Nick Drake only lived to be twenty-six-years-old. He had a lot of sadness in his life and died in 1974, so the year before your dad was born. He only had three albums. Records. I don't know if you know that term, but you probably do.
I'm not sure what you normally listen to. I was going to ask your dad last night but I didn't hear from him. I know he was fond of the likes of Winger and Poison back in the day, and you should definitely tease him about that. To get an idea of what your dad was into, look up "Every Rose Has Its Thorn" on YouTube.
Wow, right?
Anyway...
Pink Moon has been called the most depressing album ever made. That's sort of what people just automatically say about it. I was a few years older than you--well, five or six--when I learned about Nick Drake. And I think I was guilty for far too long of just going along with the so-called prevailing wisdom about this record. Because that prevailing wisdom is completely wrong. You can't be more wrong about something, pretty much.
I'm not very proud of that. Because when I really listened to it--and I was fully present--what I experienced, and return to now again and again, is the most joyous work of music I know.
Joy doesn't have to mean happy. Joy is bigger. It's richer. It's more important. I think joy is the most important thing in life. Finding it. Sharing it. Helping others find and share it. Joy is being present. It's helping yourself. It's trying to help your family, your friends, your classmates, people you meet just once. People you haven't met yet and may never meet, with the joy you help foster (that means make and grow) in the world.
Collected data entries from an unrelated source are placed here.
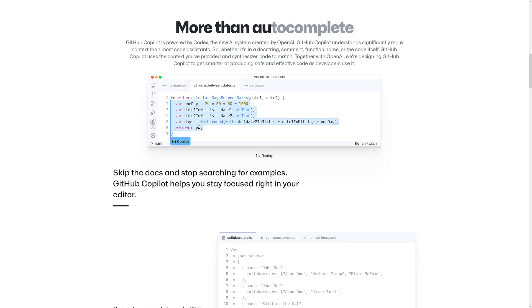So what you're doing is basically, via comment or function name, giving it an intent. And then what it's doing is going through its massive database of code samples, and so on, and then machine learning powered by OpenAI, and it's spitting out actual code. This isn't just verbatim copy and paste.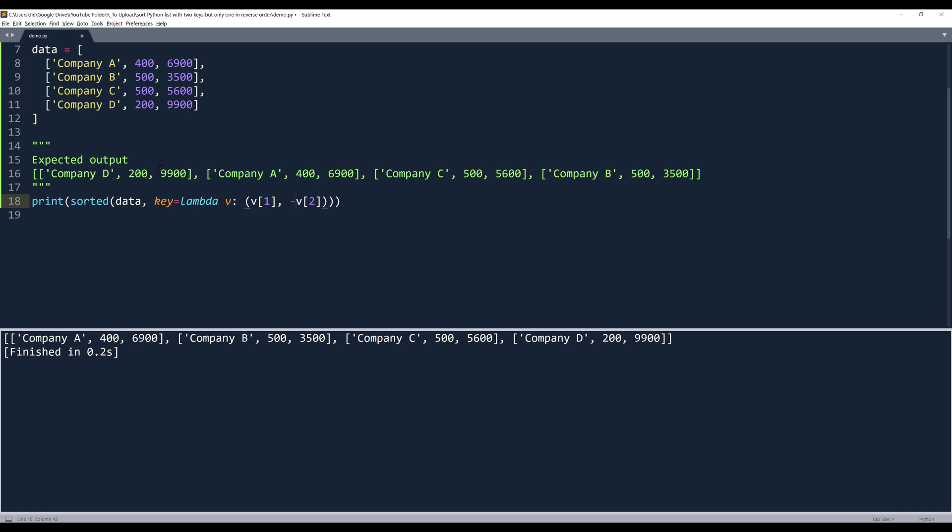And that's it. Now if I print the output, this time it's giving me the correct output. We have company D in the first position, then company A, company C, and company B.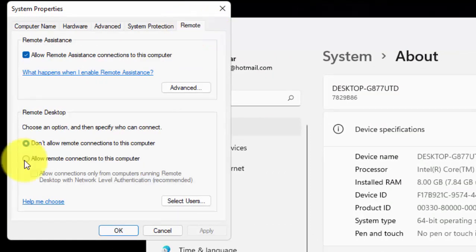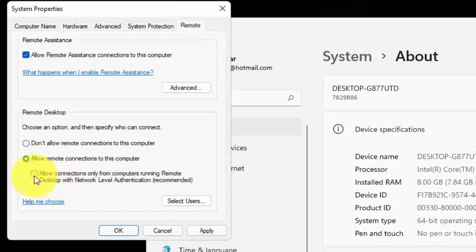Now select this option, allow remote connection to this computer and uncheck this option if it is checked.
Nick Drake told his mother that more than anything, he wanted to make music that helped people. I think it's fitting that something with this reputation for being so dark is in reality filled with so much light. Beauty. Hope. Wisdom. Peace. Strength. Joy. Acceptance.
Acceptance doesn't mean giving up or giving in. It means giving yourself a new chance for something to happen. To make happen.
There's a little bit of piano on the first song, but everything else is just voice and guitar.
It's the sound of human connection, Remy. That includes how we're connected to ourselves. Because being connected to yourself can be lot harder than it sounds.
But if we're not connected to who we are--who we really and truly are--it's really hard to know joy, let alone help others know joy. To have joy. To be joy.
I can't listen to "Which Will" and not cry. They are tears of gratitude that there's beauty in this world, and truth, and there isn't anything out there that can change how important those two things are.
No matter how ugly things get or can be. We still have those beams of light. If we make sure that we're someone who looks for them.
So I wanted to share this with you. I wish more people knew about it--I mean really knew about it--so that they could share it with each other.
See what you think. See what you feel.
And if you think and feel like I do about what you hear, maybe share it with someone else yourself.